_Work to be completed_
Using the data below, restate exactly every line from the one with "closet story（クローゼットストーリー）の「＜closet story＞カラーフラワー" up to and including the one with "ECCO Women Cable Knit Pompon B — White". No picture belongs in it.

_Data excerpts_
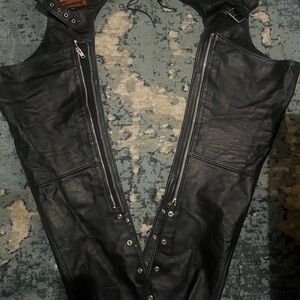 Black Leather Riding Chaps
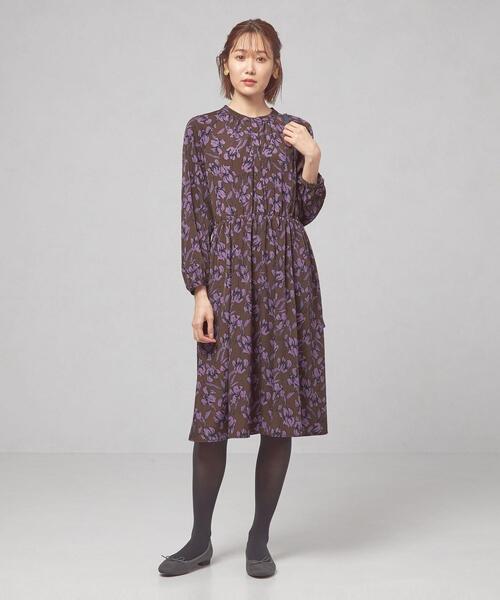 closet story（クローゼットストーリー）の「＜closet story＞カラーフラワー ギャザーワンピース -ウォッシャブル-（ワンピース・レディース・ブラック/ダークブラウン/ロイヤルブルー・FREE）」の8枚目の写真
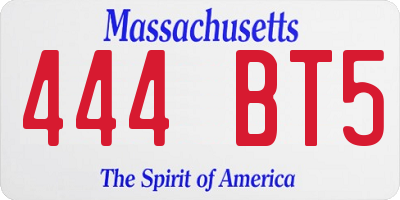 MA license plate 444BT5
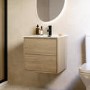 500mm Oak Wood Effect Wall Hung Vanity Unit with Basin - Palma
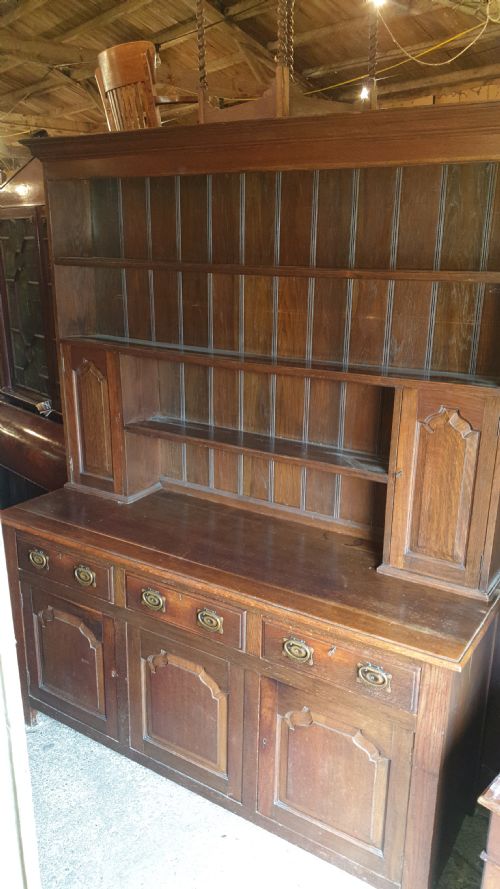 Edwardian Oak Panelled 2 Part Dresser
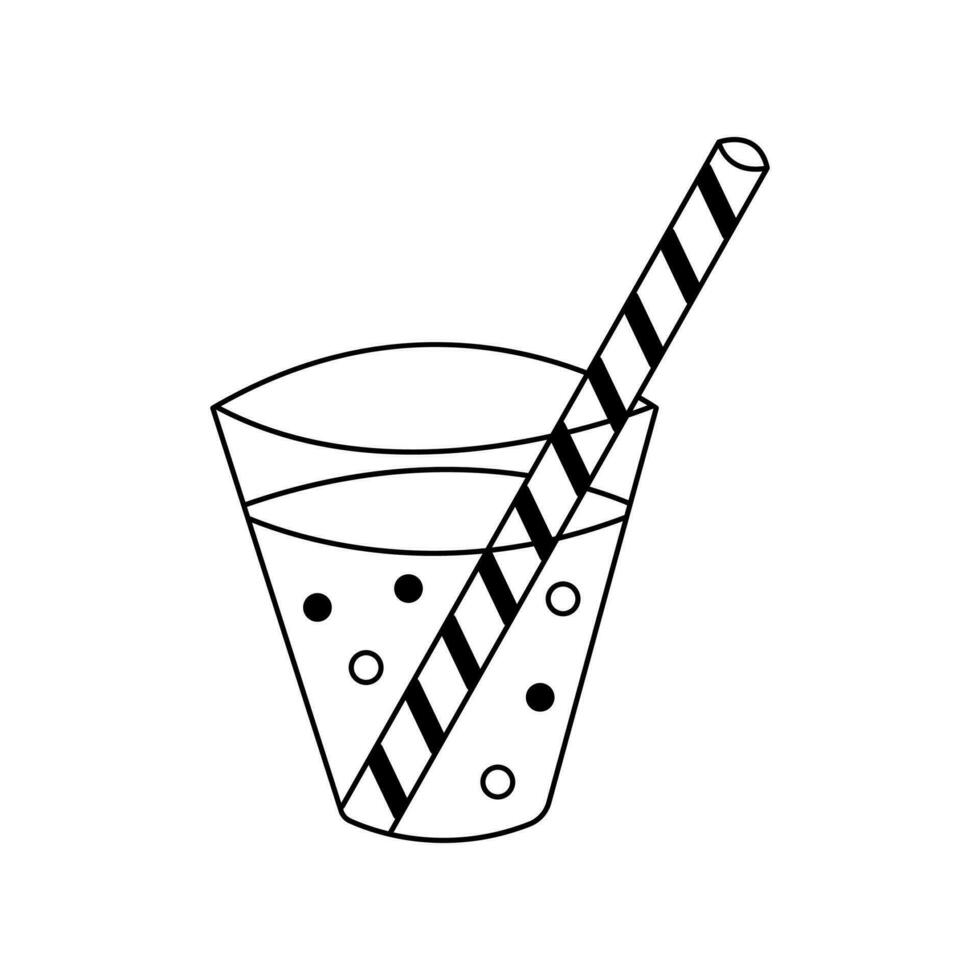 Sommer- Limonade Gekritzel. Limonade mit Luftblasen im Glas mit ein Stroh. Sommer- trinken. Hand gezeichnet Illustration isoliert auf Weiß Hintergrund. vektor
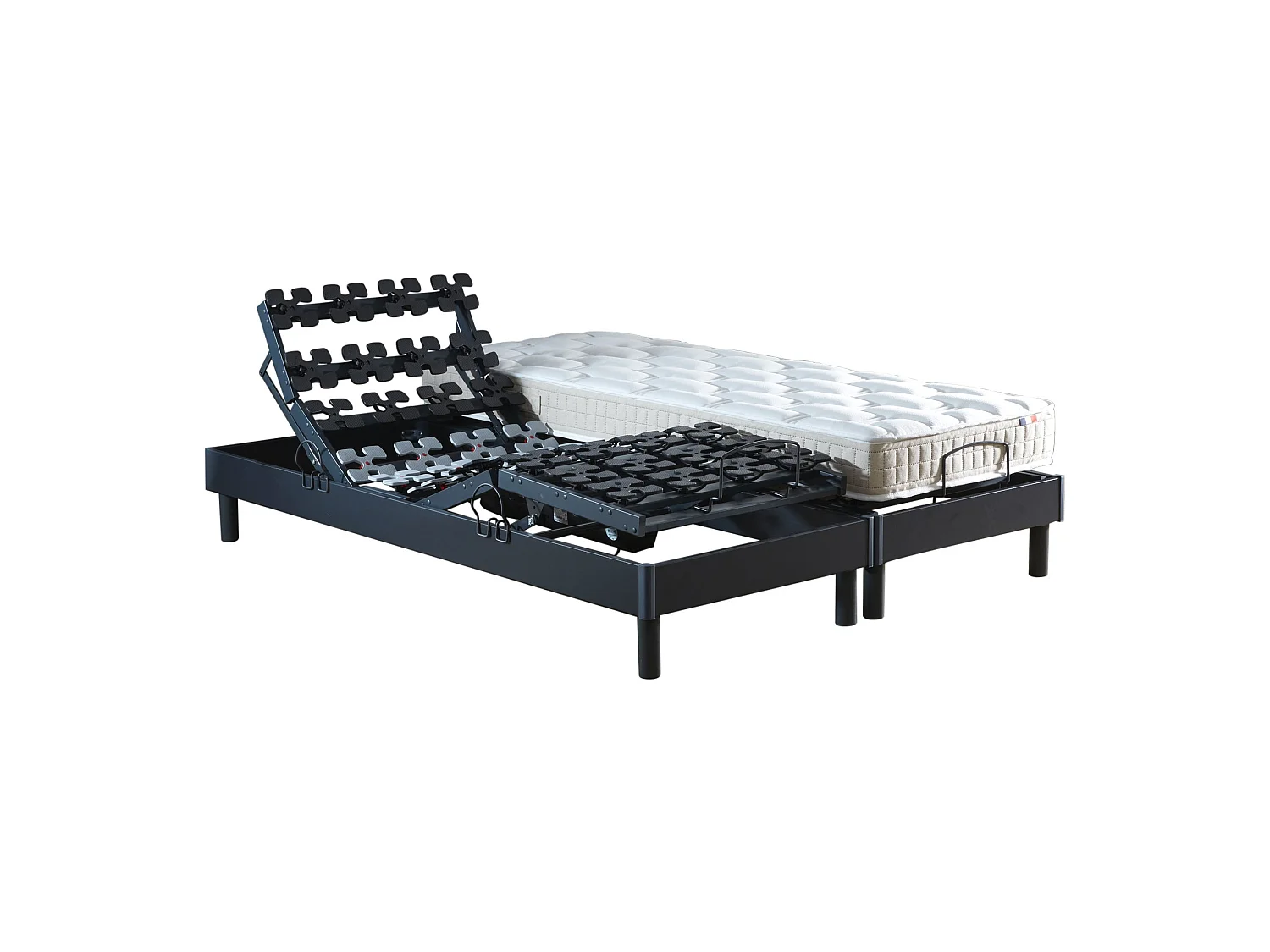 Ensemble literie électrique relaxation à plots + Matelas 100% latex - 2x90 x 200 cm
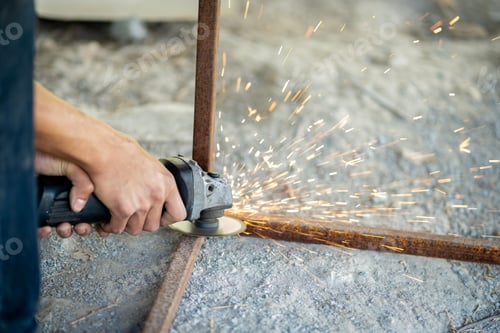 Preview: A blacksmith is using a sharpener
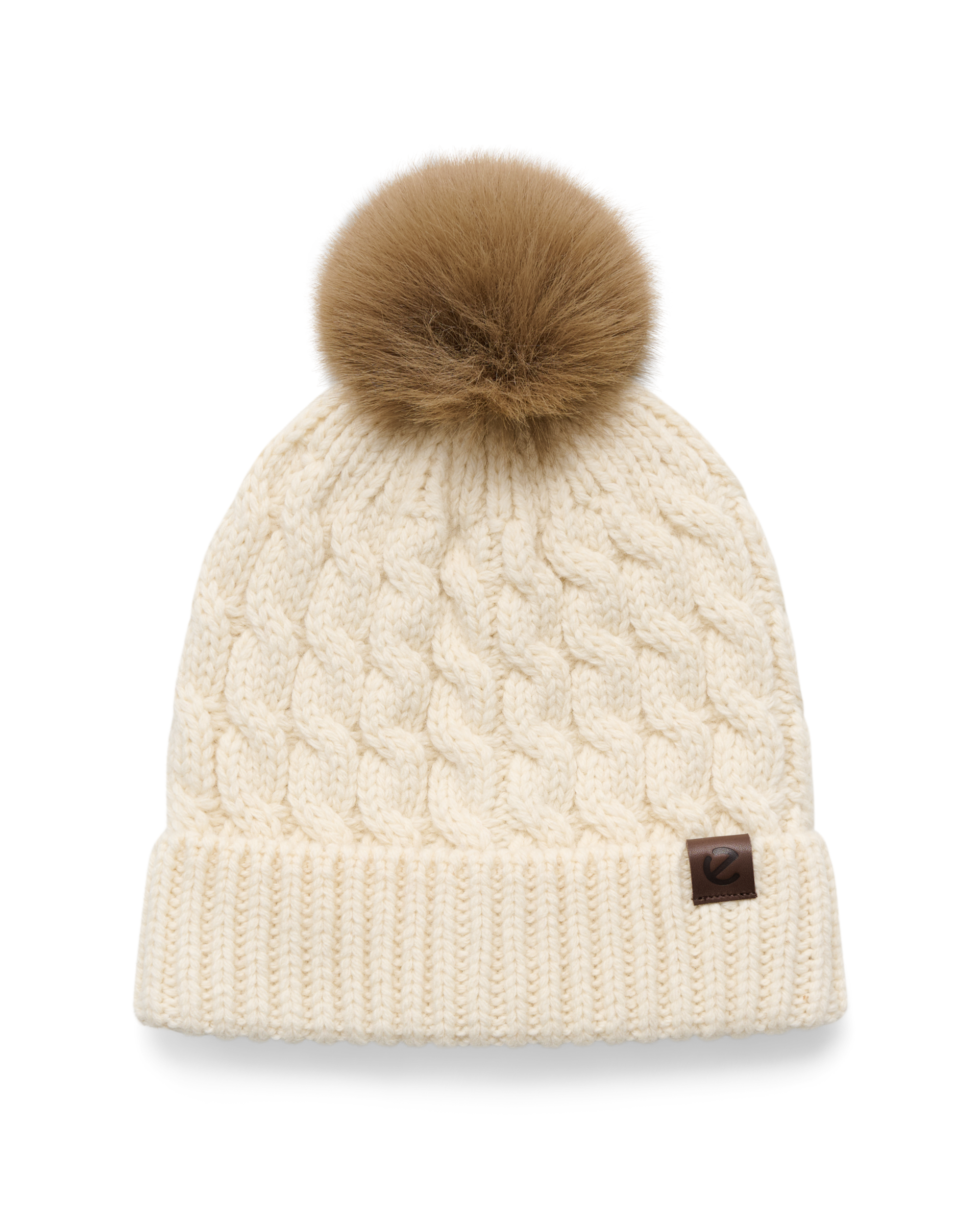 ECCO Women Cable Knit Pompon B — White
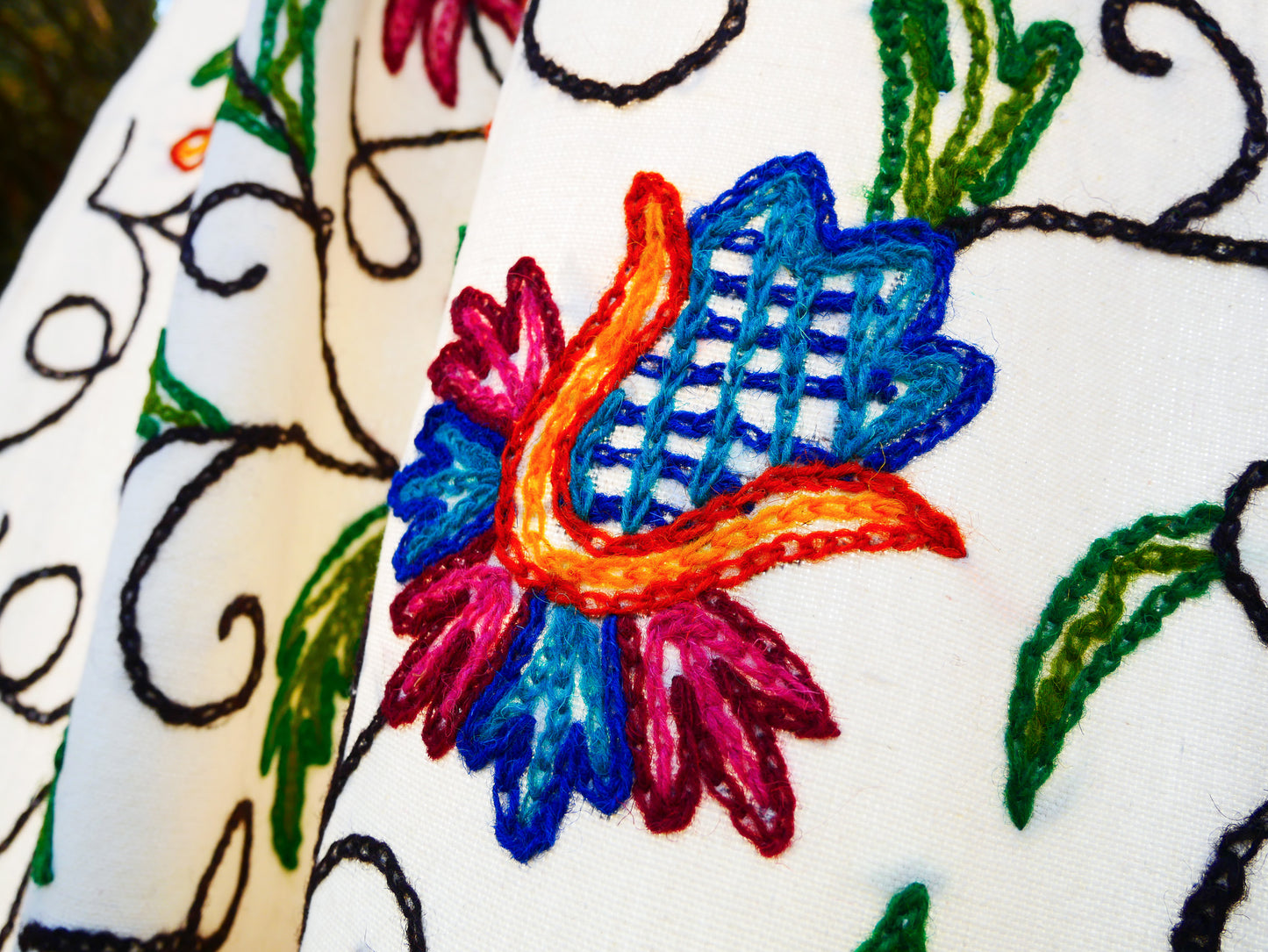 Kashmiri Embroidery curtain - Hand embroidered Flower curtains - cotton and wool bedroom curtain- Boho style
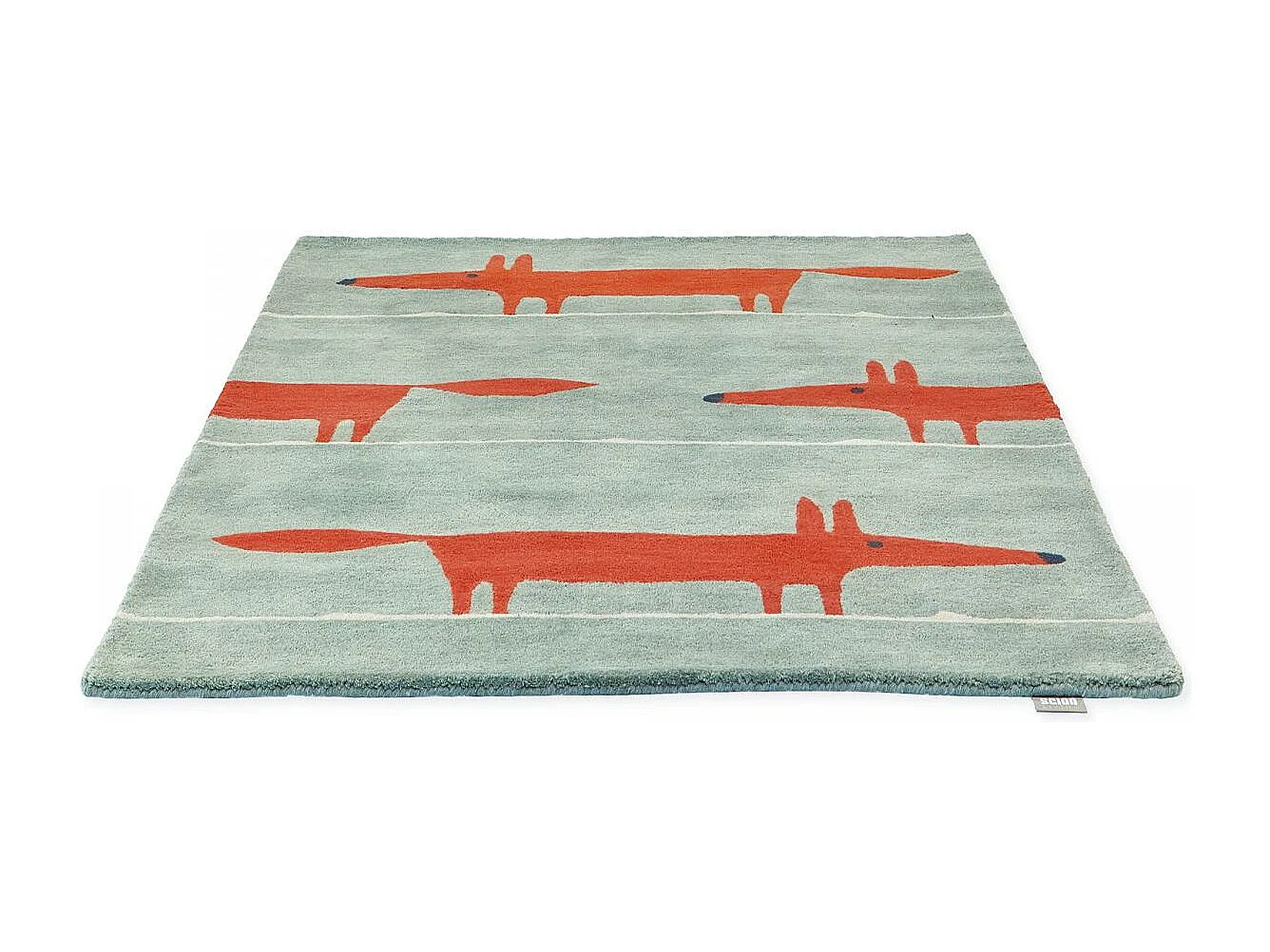 Tapis enfant 140x200 fait à la main en laine vert pastel et rouge MR FOX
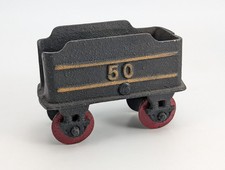 Vintage Iron Art JM 240R Cast Iron Toy Train Tender Coal Car No 50 Black Red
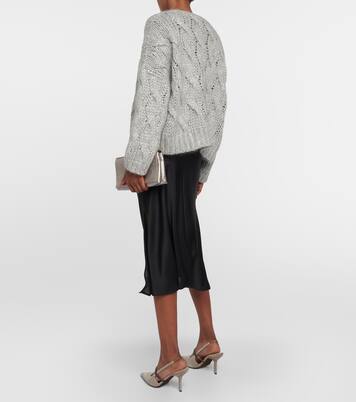 Pullover in maglia di misto mohair a trecce | Brunello Cucinelli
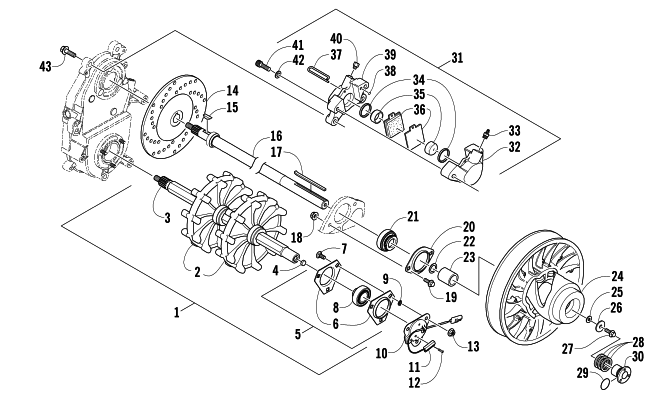 DRIVE TRAIN SHAFTS AND BRAKE ASSEMBLIES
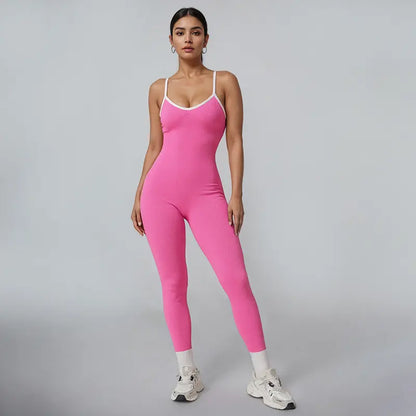 NVWA Women's High-Stretch Solid Color Contrast Binding Ruched Jumpsuit - Sleeveless, Crisscross Backless, Breathable and Comfortable Design, Butt-Lifting Quick-Dry Knit, Full Length with Removable Pads - Ideal for Workout, Yoga, and Gym Activities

_Answer box_
 closet story（クローゼットストーリー）の「＜closet story＞カラーフラワー ギャザーワンピース -ウォッシャブル-（ワンピース・レディース・ブラック/ダークブラウン/ロイヤルブルー・FREE）」の8枚目の写真
 MA license plate 444BT5
 500mm Oak Wood Effect Wall Hung Vanity Unit with Basin - Palma
 Edwardian Oak Panelled 2 Part Dresser
 Sommer- Limonade Gekritzel. Limonade mit Luftblasen im Glas mit ein Stroh. Sommer- trinken. Hand gezeichnet Illustration isoliert auf Weiß Hintergrund. vektor
 Ensemble literie électrique relaxation à plots + Matelas 100% latex - 2x90 x 200 cm
 Preview: A blacksmith is using a sharpener
 ECCO Women Cable Knit Pompon B — White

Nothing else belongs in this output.